## [What you are asked to do]
Pictures must not appear; the answer is exactly the lines from the one that holds "HeLa cells were" through the end of the material.
(Beginning of Provided material)
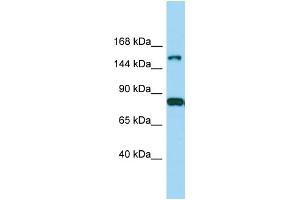 Host: Rabbit Target Name: IQSEC2 Sample Type: MDA-MB-435S Whole Cell lysates Antibody Dilution: 1. (IQSEC2 antibody  (Middle Region))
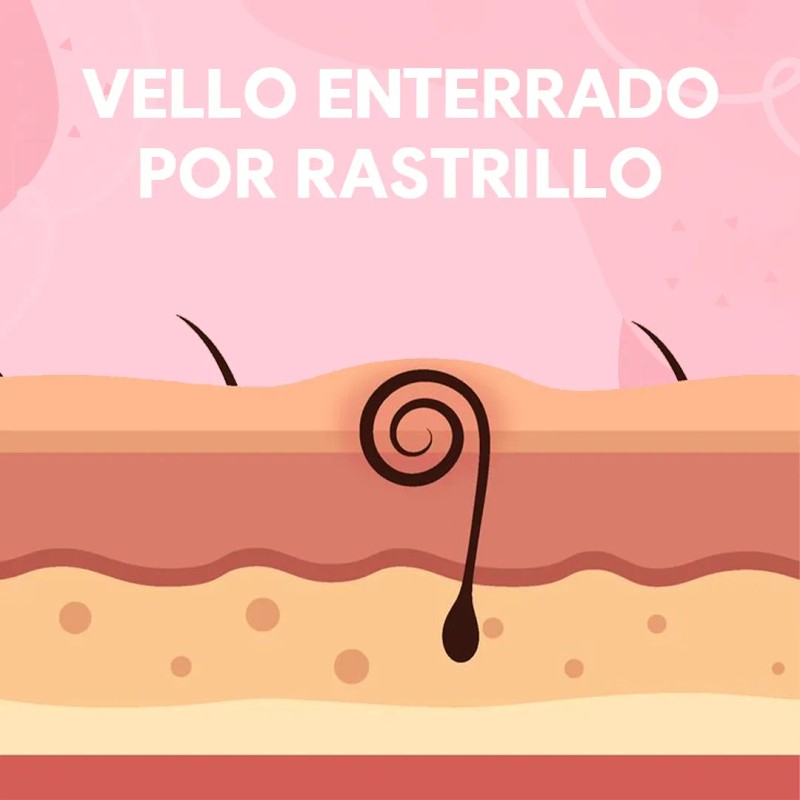 Kit De Tarro De Cera Española Con Refill 1minpretty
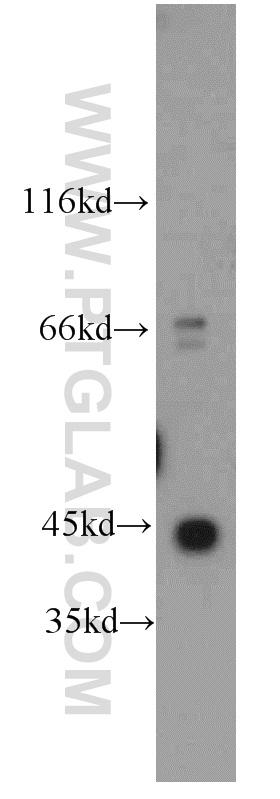 HeLa cells were subjected to SDS PAGE followed by western blot with 11227-1-AP(ACTG1 antibody) at dilution of 1:500  incubated at room temperature for 1.5 hours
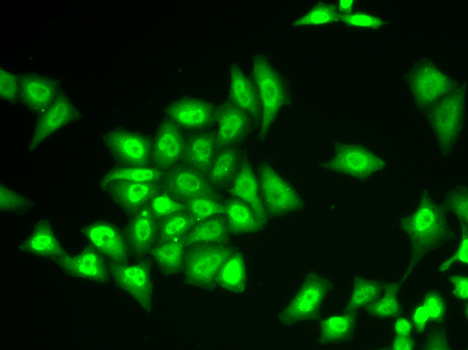ZNF217 Rabbit polyclonal antibody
(End of Provided material)
## [Solution below]
 HeLa cells were subjected to SDS PAGE followed by western blot with 11227-1-AP(ACTG1 antibody) at dilution of 1:500  incubated at room temperature for 1.5 hours
ZNF217 Rabbit polyclonal antibody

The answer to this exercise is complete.